Dalam usaha mengembangkan
perdagangannya, VOC nampak ingin melakukan monopoli. Karena itu, aktivitasnya
yang ingin menguasai perdagangan Indonesia menimbulkan perlawanan
pedagang-pedagang pribumi yang merasa kepentingannya terancam. Sistem monopoli
itu bertentangan dengan sistem tradisional yang dianut masyarakat. Sikap
Belanda yang memaksakan kehendak dengan kekerasan makin memperkuat sikap
permusuhan pribumi tersebut. Namun, secara politis VOC dapat menguasai sebagian
besar wilayah Indonesia dalam waktu yang cepat.

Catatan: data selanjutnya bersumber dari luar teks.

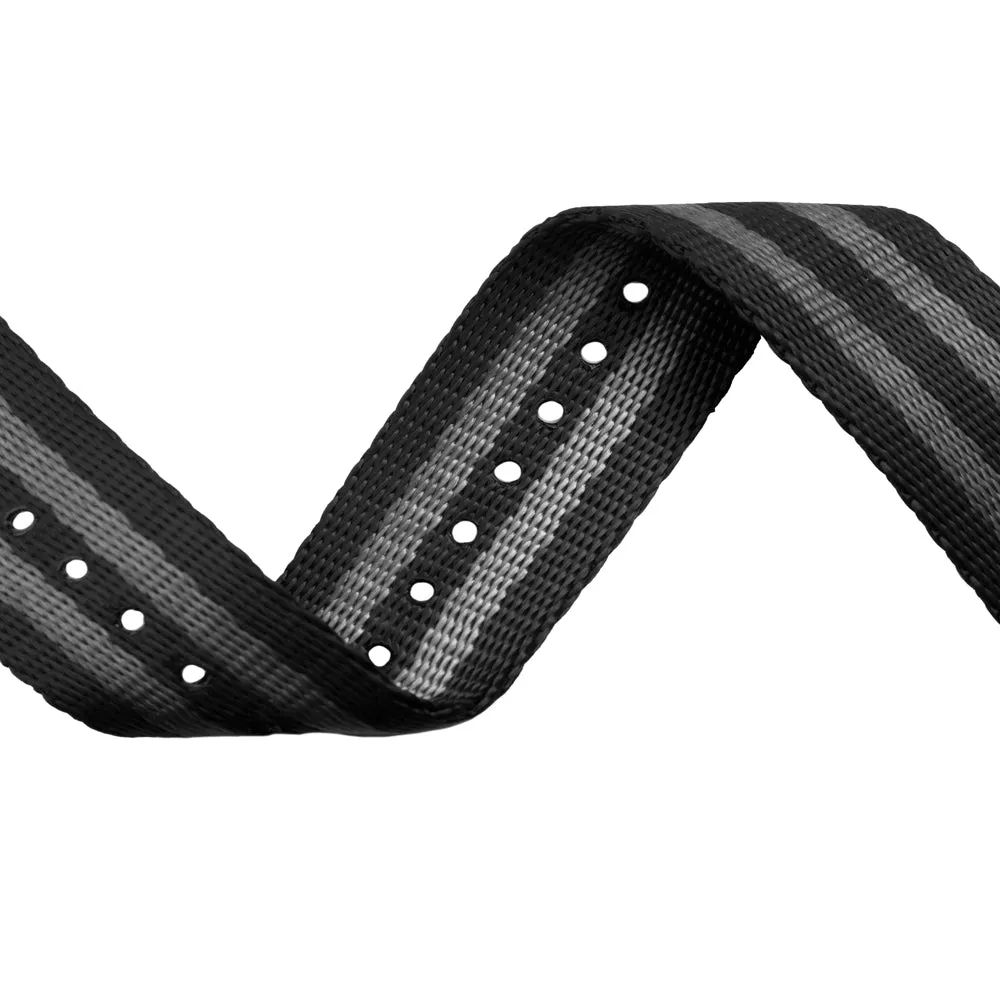 Seat Belt Nylon Military Style Watch Band - Black and Gray, Stainless Hardware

Pada tahun 1798, VOC dibubarkan
dengan saldo kerugian sebesar 134,7 juta gulden. Sebelumnya, pada 1795 izin
operasinya dicabut. Kemunduran, kebangkrutan, dan di bubarkannya VOC disebabkan
oleh berbagai faktor.
1. Pembukuan yang curang
2. Pegawai yang tidak cakap dan
korup
3. Hutang besar
4. Sistem monopoli serta sistem
paksa dalam pengumpulan bahan-bahan atau hasil tanaman maupun penduduk yang
sangat menderita.
Dengan bubarnya VOC, pada pergantian
abad ke 18 secara resmi Indonesia pindah ketangan pemerintah Belanda.

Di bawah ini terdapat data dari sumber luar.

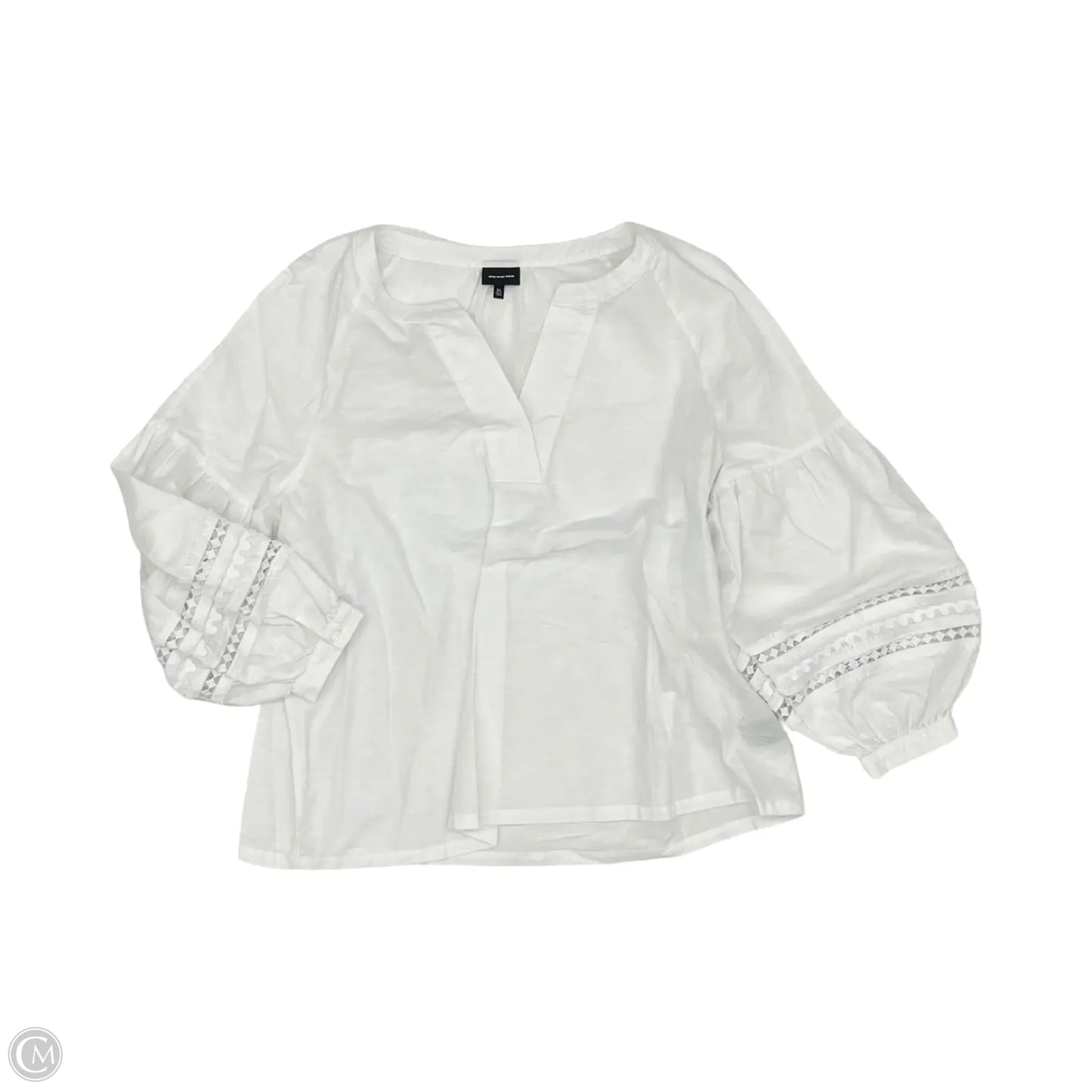 Blouse Long Sleeve By Who What Wear In White, Size: Xl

Pemerintahan Belanda ini berlangsung sampai tahun 1942 dan hanya diinterupsi
pemerintahan Inggris selama beberapa tahun pada 1811-1816.
Sampai pada tahun 1811, pemerintahan
Hindia Belanda tidak mengadakan perubahan yang berarti. Bahkan pada tahun 1816,
Belanda memanfaatkan daerah jajahan untuk memberi keuntungan sebanyak-banyaknya
kepada negeri induk, guna menanggulangi masalah ekonomi Belanda yang sedang
mengalami kebangkrutan akibat perang.
Pada tahun 1830, pemerintah Hindia
Belanda menjalankan sistem tanam paksa. Setelah terusan Suez dibuka dan
industri di negeri Belanda sudah berkembang pemerintah menerapkan politik
liberal di Indonesia. Perusahaan dan modal swasta dibuka seluas-luasnya.

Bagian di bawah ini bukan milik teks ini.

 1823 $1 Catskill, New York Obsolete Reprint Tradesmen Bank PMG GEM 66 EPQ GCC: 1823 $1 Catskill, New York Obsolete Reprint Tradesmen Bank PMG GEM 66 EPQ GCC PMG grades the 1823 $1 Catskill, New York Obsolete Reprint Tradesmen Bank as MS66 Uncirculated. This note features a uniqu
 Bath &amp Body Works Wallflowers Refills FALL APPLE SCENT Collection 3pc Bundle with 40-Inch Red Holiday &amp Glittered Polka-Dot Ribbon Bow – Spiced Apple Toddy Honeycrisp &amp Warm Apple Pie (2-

Meskipun dalam politik liberal itu kepentingan dan hak pribumi mendapat
perhatian, tetapi pada dasarnya tidak mengalami perubahan yang berari. Baru
pada tahun 1901 Belanda menerapkan politik etis atau politik balas budi.
C. PENETRASI POLITIK BELANDA
VOC sejak semula memang diberi izin
oleh pemerintah Belanda untuk melakukan kegiatan politik dalam rangka
mendapatkan hak monopoli dagang di Indonesia. Oleh karena itu, VOC dibantu oleh
kekuatan militer dan armada tentara serta hak-hak yang bersifat kenegaraan
mempunyai wilayah, mengadakan perjanjian poitik, dan sebagainya. Dengan
perlengkapan yang lebih maju, VOC, melakukan politik ekspansi. Dengan kata
lain, abad ke 17 dan 18 adalah periode ekspansi dan monopoli dalam sejarah
kolonial di Indonesia. Menjelang akhir abad ke 18, ekspansi wilayah ini
berhasil di Jawa.
Sejak awal Belanda melihat bahwa
dalam jaringan perdagangan di Indonesia bagian Barat, kedudukan Malaka, Johor
dan Banten adalah sangat penting. Mereka berpendapat, pelabuhan-pelabuhan itu
harus dikuasai. Akhirnya mereka memilih Jakarta, daerah yang paling lemah
sebagai basis kegiatannya.
Sultan Agung sejak semula sudah
mengira bahwa Belanda adalah ancaman. Pada tahun 1628 dan 1629, Mataram dua
kali melakukan serangan ke Batavia, tetapi gagal. Masuknya pengaruh Belanda ke
pusat kekuasaan Mataram adalah karena Amangkurat II(1677-1703) meminta bantuan
VOC untuk memadamkan pemberontakan Trunojoyo, adipati Madura, dan pemberontakan
Kajoran.
Meluasnya pengaruh Belanda dalam
pemerintahan Mataram, dipercepat oleh konflik intern dalam istana. Karena
konflik itulah, Mataram pada tahun 1755 pecah menjadi Surakarta dan Yogyakarta,
tahun 1757 muncul kekuasaan Mangkunegara dan akhirnya pada tahun 1813 kekuasaan
Pakualam.
Sementara itu, hubungan Banten
dengan Belanda menjadi runcing ketika Sultan Ageng Tirtayasa naik tahta tahun
1651. Ia sangat memusuhi Belanda, karena Belanda dipandangnya menghalangi usaha
Banten memajukan dunia perdagangan. Pada tahun 1656, dua kali kapal Belanda
dirampas Banten, tetapi itu tidak menimbulkan perang terbuka antara dua belah
pihak. Anak Sultan Ageng Tirtayasa, Sultan Haji, yang diangkat menjadi sultan
Muda tahun 1676, ternyata tidak menyenangi sikap politik ayahnya yang memusuhi
Belanda. Ia ingin mengadakan hubungan baik dengan orang Barat ini. Pada 27
Pebruari 1682, Sultan Ageng Tirtayasa menyerang Surosowan, istana Sultan Haji,
yang ketika itu sudah menjadi pimpinan kerajaan Banten. Serangan ini dapat
dipatahkan berkat bantuan Belanda, tetapi dengan demikian, Banten praktis
berada di bawah kekuasaan Belanda.
Penetrasi Belanda dalam dunia
politik seringkali memang justru “diundang” oleh konflik-konflik internal suatu
kerajaan atau konflik antar kerajaan di Indonesia.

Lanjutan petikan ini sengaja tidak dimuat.